In some cases, you might be interested in how certain topics are represented over certain categories. Perhaps there are specific groups of users for which you want to see how they talk about certain topics.

Instead of running the topic model per class, we can simply create a topic model and then extract, for each topic, its representation per class. This allows you to see how certain topics, calculated over all documents, are represented for certain subgroups.


1 Topic 1 Class m Class 1 Class m Class n Topic c-TF-IDF c-TF-IDF c-TF-IDF c-TF-IDF Split documents by topic Split documents by topic and class Apply pre-fitted c-TF-IDF on each subset of documents.


To do so, we use the 20 Newsgroups dataset to see how the topics that we uncover are represented in the 20 categories of documents.

First, let's prepare the data:

from bertopic import BERTopic
from sklearn.datasets import fetch_20newsgroups

data = fetch_20newsgroups(subset='all',  remove=('headers', 'footers', 'quotes'))
docs = data["data"]
targets = data["target"]
target_names = data["target_names"]
classes = [data["target_names"][i] for i in data["target"]]

Next, we want to extract the topics across all documents without taking the categories into account:

topic_model = BERTopic(verbose=True)
topics, probs = topic_model.fit_transform(docs)

Now that we have created our global topic model, let us calculate the topic representations across each category:

topics_per_class = topic_model.topics_per_class(docs, classes=classes)

The classes variable contains the class for each document. Then, we simply visualize these topics per class:

topic_model.visualize_topics_per_class(topics_per_class, top_n_topics=10)

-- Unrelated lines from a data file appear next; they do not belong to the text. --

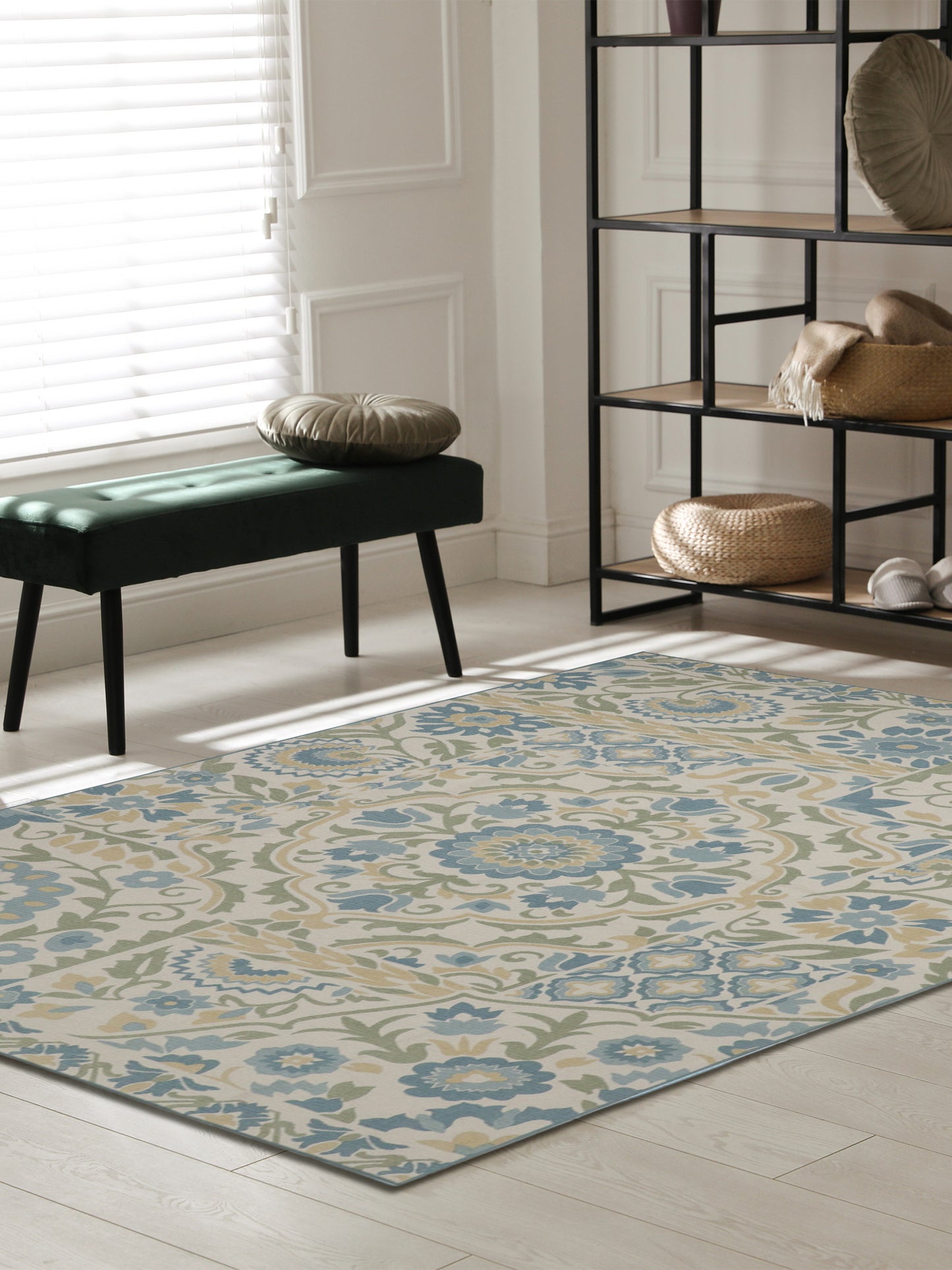 Block Print Collection, Suzani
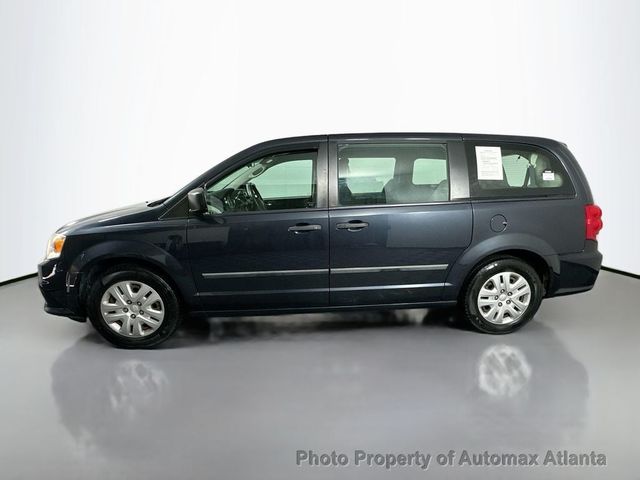 2014 Dodge Grand Caravan American Value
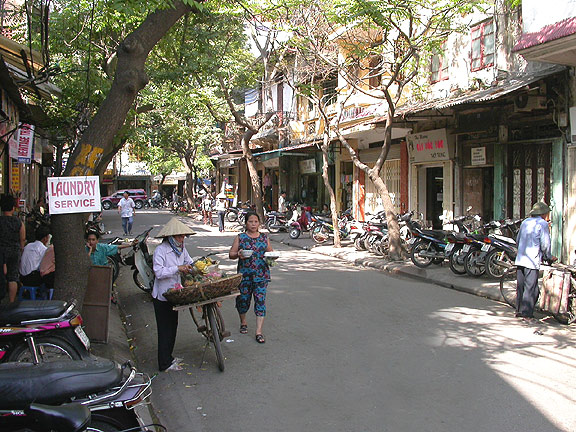 in Hanoi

You can hover over the bars to see the topic representation per class.

As you can see in the visualization above, the topics 93_homosexual_homosexuality_sex and 58_bike_bikes_motorcycle are somewhat distributed over all classes.

You can see that the topic representation between rec.motorcycles and rec.autos in 58_bike_bikes_motorcycle clearly differs from one another. It seems that BERTopic has tried to combine those two categories into a single topic. However, since they do contain two separate topics, the topic representation in those two categories differs.

We see something similar for 93_homosexual_homosexuality_sex, where the topic is distributed among several categories and is represented slightly differently.

Thus, you can see that although in certain categories the topic is similar, the way the topic is represented can differ.